Anna Hackett also had a very successful series, Galactic Gladiators, which begins with the crew of a human space station having been kidnapped from orbit in our solar system and auctioned off in a far distant place. In the first novel of the series, Gladiator, one of the unfortunate humans has been put in the arena to fight a well-known and deadly alien but a “former prince abandoned to the arena as a teen” who is now the top fighter, steps in to save her. The first book sets up the entire series and the author excels at adding twists with each book and providing different challenges for her couples to overcome. The series is complete at twelve books and came to a satisfying ending as far as this reader was concerned. There’s also a follow-on series, The House of Rone, which continues threads from the first set of books.
Alana Khan’s Galaxy Gladiators series opens with Zar, a half-lion, half-human alien fighter, who is given an abducted human as a reward and the pair are forced to become mates. Of course the action doesn’t stop there. As the author says in the series blurb: “If you like hot alien gladiators, kick-ass Earth women who mastermind insurrections, and sexy action romance”, then this series would be for you. One of the delights are the portraits of the various alien fighters on the covers of each of the nineteen books in the series. The books follow different gladiator/human woman couples, although Zar and his mate do return to the forefront in book eighteen.
Ruby Dixon wrote one gladiator book (as far as I’m aware), which I greatly enjoyed. The book is Angie’s Gladiator (IceHome Book Five) and the alien in question is actually a clone, crashlanded and marooned on the Ice Planet. The main female character, Angie, is pregnant, not sure what the outcome will be, and feels quite isolated and apart from the other humans in the Ice Home settlement. Here’s what our hero, Vordis wants: “Cloned from the same matter as thousands of others, I am but one of many. Here on the ice planet, though, I can start over. I can become my own person, have my own needs, my own wants. I know what I want. I have known since the moment I arrived. Her name is Angie. She is human, with sad, lonely eyes and a very pregnant belly. To her, I am not just another clone. I am Vordis, the one who laughs at her jokes, tends to her needs, and makes her smile. I will do anything to make her mine.” It’s actually a sweet book in the series, not so much a gladiator book as there’s no arena and no staged fights, but Vordis’s past as a fighter definitely informs his present and how he approaches life.

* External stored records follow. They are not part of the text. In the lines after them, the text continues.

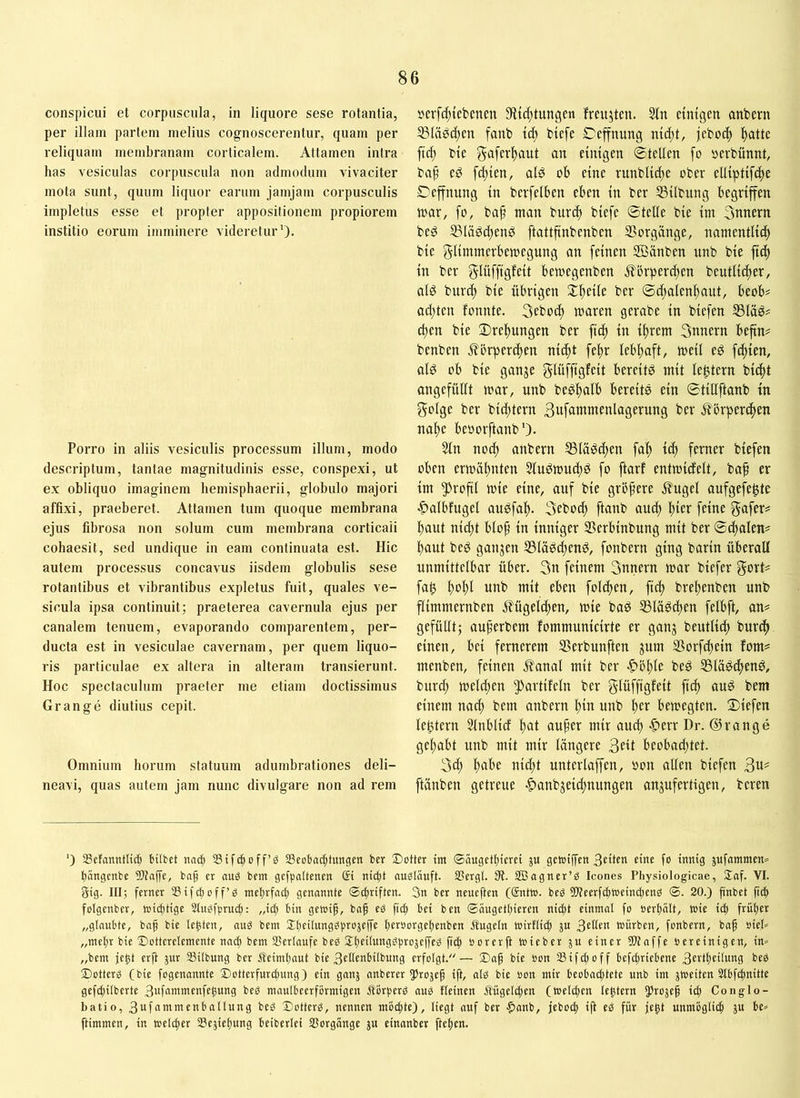 conspicui et corpuscula, in liquore sese rotantia, per illam partem melius cognoscerentur, quam per reliquam membranam corticalem. Attamen intra has vesiculas corpuscula non admodum vivaciter mota sunt, quum liquor earum jamjam corpusculis impletus esse et propter appositionem propiorem institio eorum imminere videretur’)- Porro in aliis vesiculis processum illum, modo descriptum, tantae magnitudinis esse, conspexi, ut ex obliquo imaginem hemisphaerii, globulo majori affixi, praeberet. Attamen tum quoque membrana ejus fibrosa non solum cum membrana corticali cohaesit, sed undique in eam continuata est. Hic autem processus concavus iisdem globulis sese rotantibus et vibrantibus expletus fuit, quales ve- sicula ipsa continuit; praeterea cavernula ejus per canalem tenuem, evaporando comparentem, per- ducta est in vesiculae cavernam, per quem liquo- ris particulae ex altera in alteram transierunt. Hoc spectaculum praeter me etiam doctissimus Grange diutius cepit. Omnium horum statuum adumbrationes deli- neavi, quas autem jam nunc divulgare non ad rem 5)crfd;iebenen 9ftd;tungen fmijteu. Stn ctntgen anbern SSIäöc^en fanb id) biefe SDeffnung md;t, jebo^ l^attc bte gafer^aut an eintgen ©teilen [o »erbünnt, baf eö fd;ten, ald ob eine rnnblt^e ober elltptifdte Oeffnung in berfelben eben in bev 55übung begriffen toar, fo, ba^ man burcf» biefe ©teile bie im 3nnern beö ißläd(^end ftattfinbenben 33orgänge, namentli^ bie glimmerbemegung an feinen Sßänben unb bie fid) in ber gluffigfeit bemegenben jlbrperdten beutlic^er, alg burc^ bie übrigen $£^eile ber ©d;alenl)aut, beob# ad;ten fonnte, 3cbod; maren gerabe in biefen S5läö# eiten bie Dreltungen ber fid) in if)rem 3nnern beftn# benben flörperd)en niiftt fe^r lebl)aft, meil ed fd)ien, ald ob bie ganje g-lüffigfeit bereite mit le^tern bic^t angefülit mar, unb beöl)atb bereits ein ©tillftanb in golge ber bid)tern 3ufatnmenlagerung ber ,f?5rpercf)en na^^e beoorftanb’). 3ln nod; anbern 5Blä:öd)en fa!^ ic^ ferner biefen oben ermältnten 2iuPmud)ö fo ftarf entmidelt, baf er im 5)rofil mie eine, auf bie grbfere Äugel aufgefe^te -^albfugel auöfaf). 3ebod) ftanb aud) l)ier feine f^afer^ l^aut nid;t blo^ in inniger Serbinbung mit ber ©i^alen# l)aut beö ganzen IBläddtend, fonbern ging barin überall unmittelbar über. 3n feinem 3nnern mar biefer govt- fa0 l^ol)l unb mit eben foldten, fief) breltenben unb flimmernben jlügelc^en, mie baS 53läöd)en felbft, an? gefüllt; auperbem fommunicirte er ganj beutlid) burc^ einen, bei fernerem SSerbunften jum SSorfc^ein fom? menben, feinen Äanal mit ber -^bltle bed 55lä^(f)en^, burd; meldten ^^artifeln ber gUiffisf^ti M ouö bem einem na^ bem anbern l)in unb l)er bemegten. liefen lebtern Slnblid l)at aufer mir aucl) ^err Dr. ©ränge gehabt unb mit mir längere 30t beobad;tet. 3d; fabe nid;t unterlaffen, oon aüen biefen ftänben getreue -^anbjeiefnungen anjufertigen, bereu ') aScfanntltd) HIbet imd) Sifdtoff’ö a3cobac|tungcn ber Dotter tm ®äugctl)tcrei ju getotffen 3eüen cittc fo innig bängenbe Sltaffe, bap er aug bem gcfpoltenen ßi nii^t onglouft. Sßergl. 01. SBagner’g Icones Physiologicae, Saf. VI. Sig. III; ferner ®ifct)off’g melnfacf) genannte ©ctiriften. 3n ber neueften (ßntto. beg ÜWeerfebtoeinebens ®. 20.) finbet fid) folgenber, loict)tige 3tugf)3rud): „i^ bin getoif, baf eg fii^ bei ben ©äugetbieren nicht einmal fo oerbält, wie id) früher „glaubte, baf bie lebten, aug bem berborgebenben Äugeln toirflid) ju 301^« würben, fonbern, baf oieb „mehr bie Dotterelemente nach bem SSerlaufe beg Sbfhungghrojejfeg ficb »orerfl toieber ju einer DJtaffe oereinigen, in» „bem jebt erft jnr 33ilbung ber Äeimbnut bie 30lenbilbung erfolgt.— Dnf bie »on Sifd)off befdjricbene 3fi‘tbfüwng beg Dotterg (bie fogenannte Dotterfurd)ung) ein ganj anberer ^Jrojef ift, alg bie oon mir beobaibtete unb im jtoeiten Slbfcbnitte gef^ilberte 3uf“wmenfebung beg maulbeerformigen Äörberg aug fleinen Ä'ügel^en (weliben lebtern Jlbojef ich Conglo- batio, 3ufammenballung beg Dotterg, nennen mochte), liegt auf ber -^lanb, jebotb ift eg für jebt unmöglich ju be» ftimmen, in welcher IBcjiebung beiberlei SSorgange ju einanber jieben.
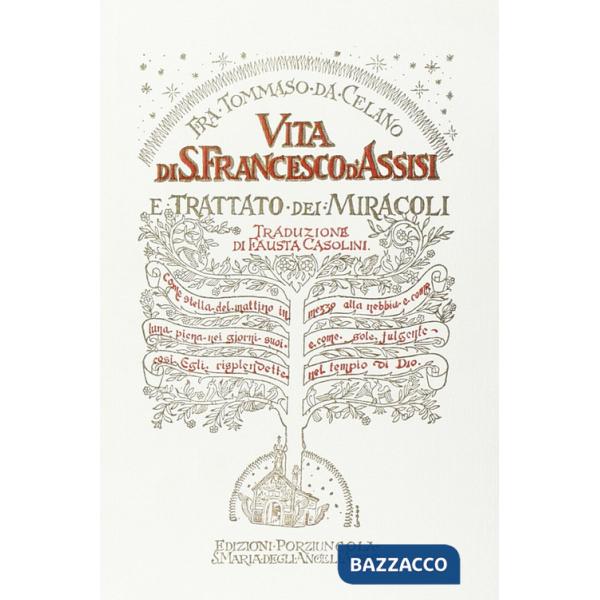 Vita di san Francesco d'Assisi e Trattato dei Miracoli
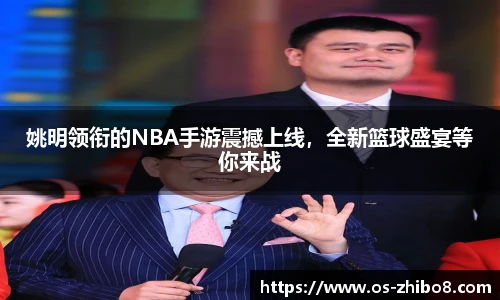 姚明领衔的NBA手游震撼上线，全新篮球盛宴等你来战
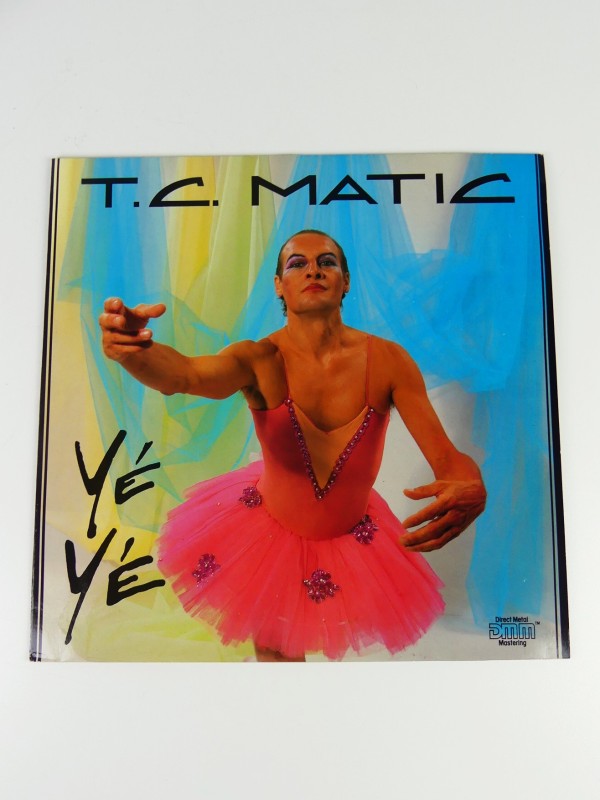 T.C. Matic LP – Yé Yé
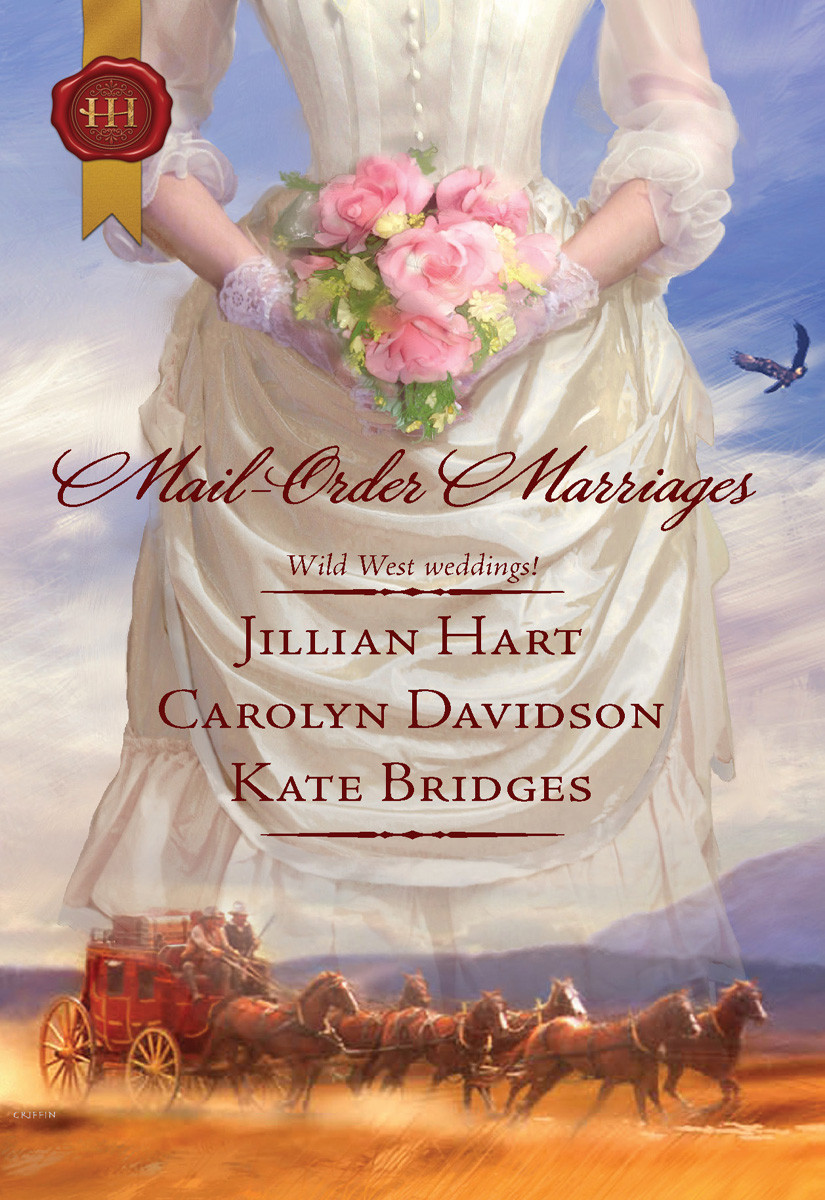 Mailorder Marriages Jillian Hart Carolyn Davidson Kate Bridges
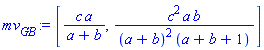 [c*a/(a+b), c^2*a*b/((a+b)^2*(a+b+1))]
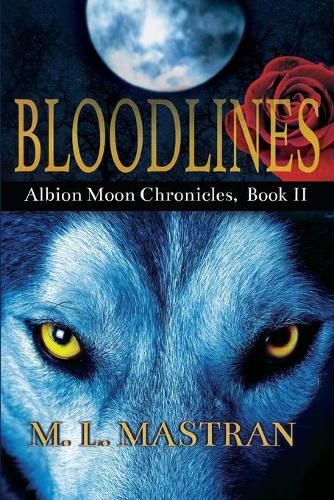 Cover image for Bloodlines: Albion Moon Chronicles Book 2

Miranda Martin and James D. Horton bring the Gladiators of Krix series to life, beginning with Spthifius. Kidnapped human women are taken to a planet where the alien masters really only care about their gladiators and the women are pawns and prizes. In the first book, gutsy Savannah “cozies up” to one of the biggest, baddest gladiators, hoping he can help her contact the Free Movement and escape. He’s suspicious, concerned getting attached to her will break one of his two rules to live by, which he credits with keeping him alive as a gladiator: “One: Take what you want or have it taken from you. Two: Don’t let anyone close. You let them in, then they can hurt you.” These two come together and work through the misunderstandings and hidden motives to achieve the Happy Ever After ending they deserve.
Of course there are other series I didn’t have time to get to today as well. Action, adventure, romance and gladiators! Happy reading!